> **Exercise directions**
Starting at the line that contains "Collage van foto's", return every line through the end of the data exactly, without pictures.

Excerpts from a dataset
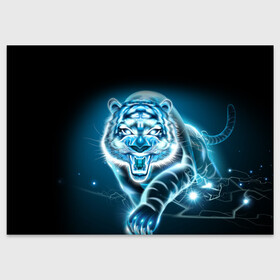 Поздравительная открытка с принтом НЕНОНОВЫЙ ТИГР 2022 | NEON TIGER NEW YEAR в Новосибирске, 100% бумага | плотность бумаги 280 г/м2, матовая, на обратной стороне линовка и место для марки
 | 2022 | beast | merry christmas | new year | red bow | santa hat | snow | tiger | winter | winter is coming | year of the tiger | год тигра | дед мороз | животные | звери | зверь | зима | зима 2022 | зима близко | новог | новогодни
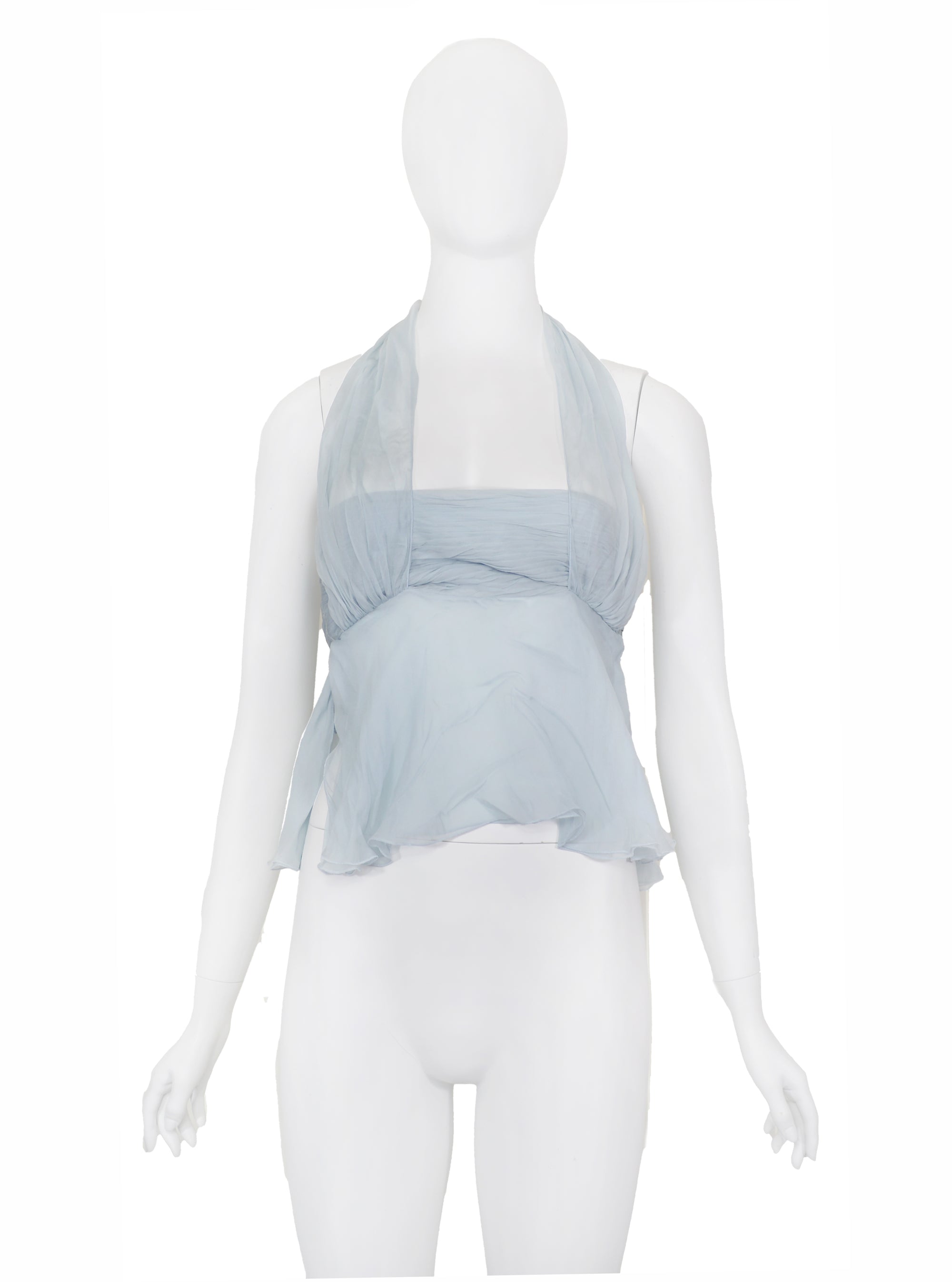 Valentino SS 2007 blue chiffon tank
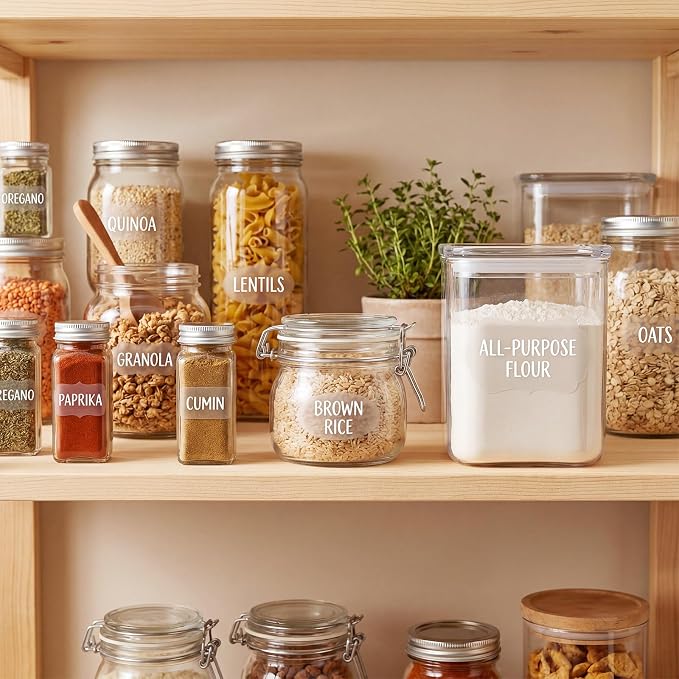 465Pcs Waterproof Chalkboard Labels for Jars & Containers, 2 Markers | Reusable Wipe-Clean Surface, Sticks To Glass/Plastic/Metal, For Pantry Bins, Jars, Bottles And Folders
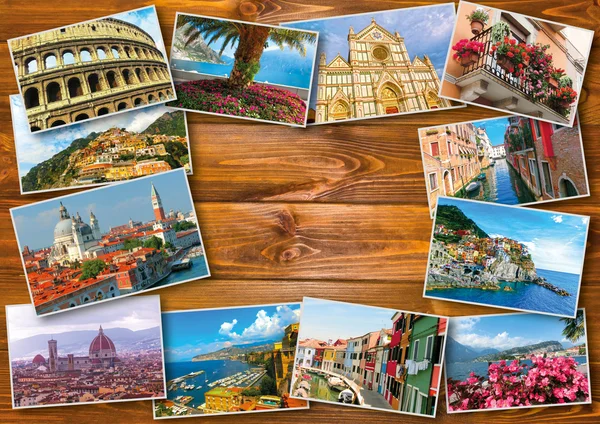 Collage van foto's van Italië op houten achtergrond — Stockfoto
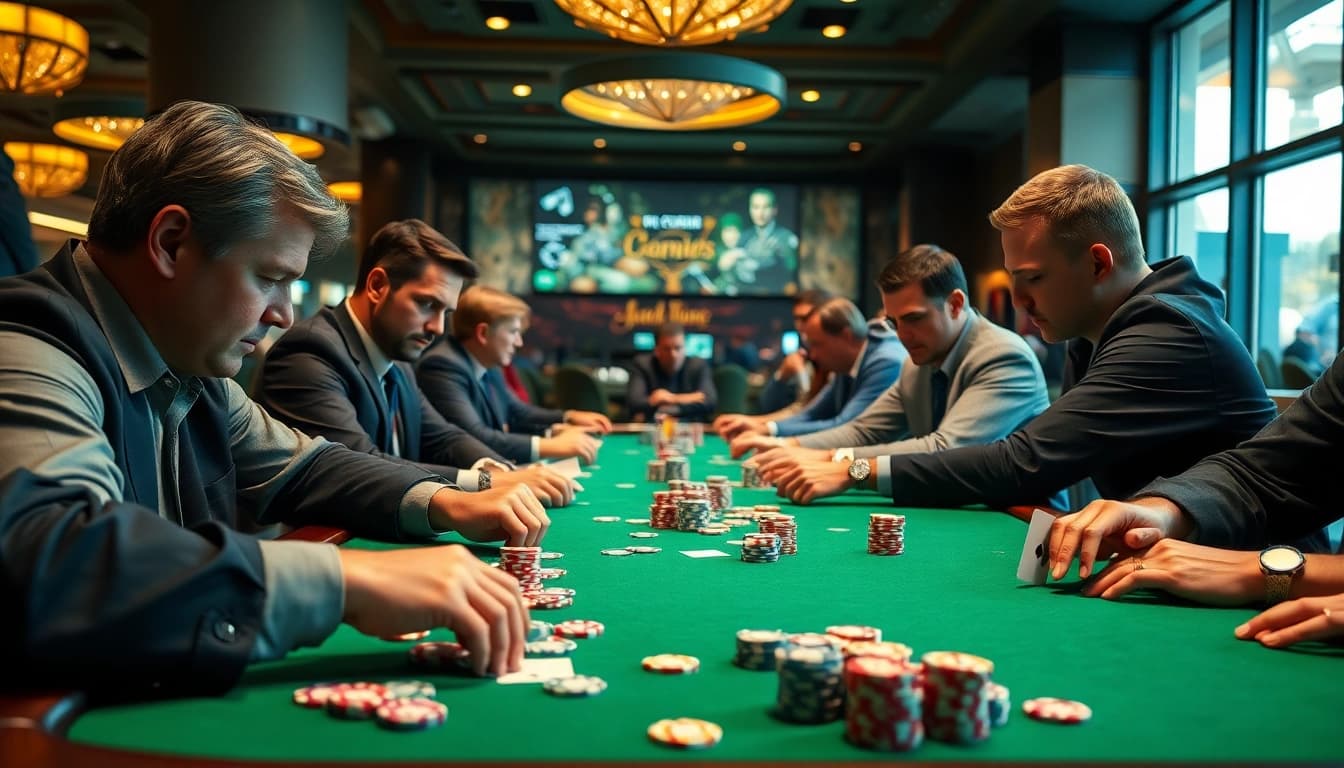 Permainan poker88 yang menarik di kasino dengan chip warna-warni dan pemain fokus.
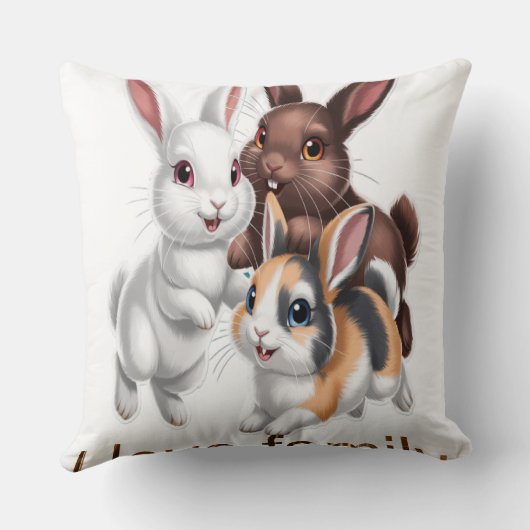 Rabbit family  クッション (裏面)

> **Answer to this problem**
 Collage van foto's van Italië op houten achtergrond — Stockfoto
 Permainan poker88 yang menarik di kasino dengan chip warna-warni dan pemain fokus.
 Rabbit family  クッション (裏面)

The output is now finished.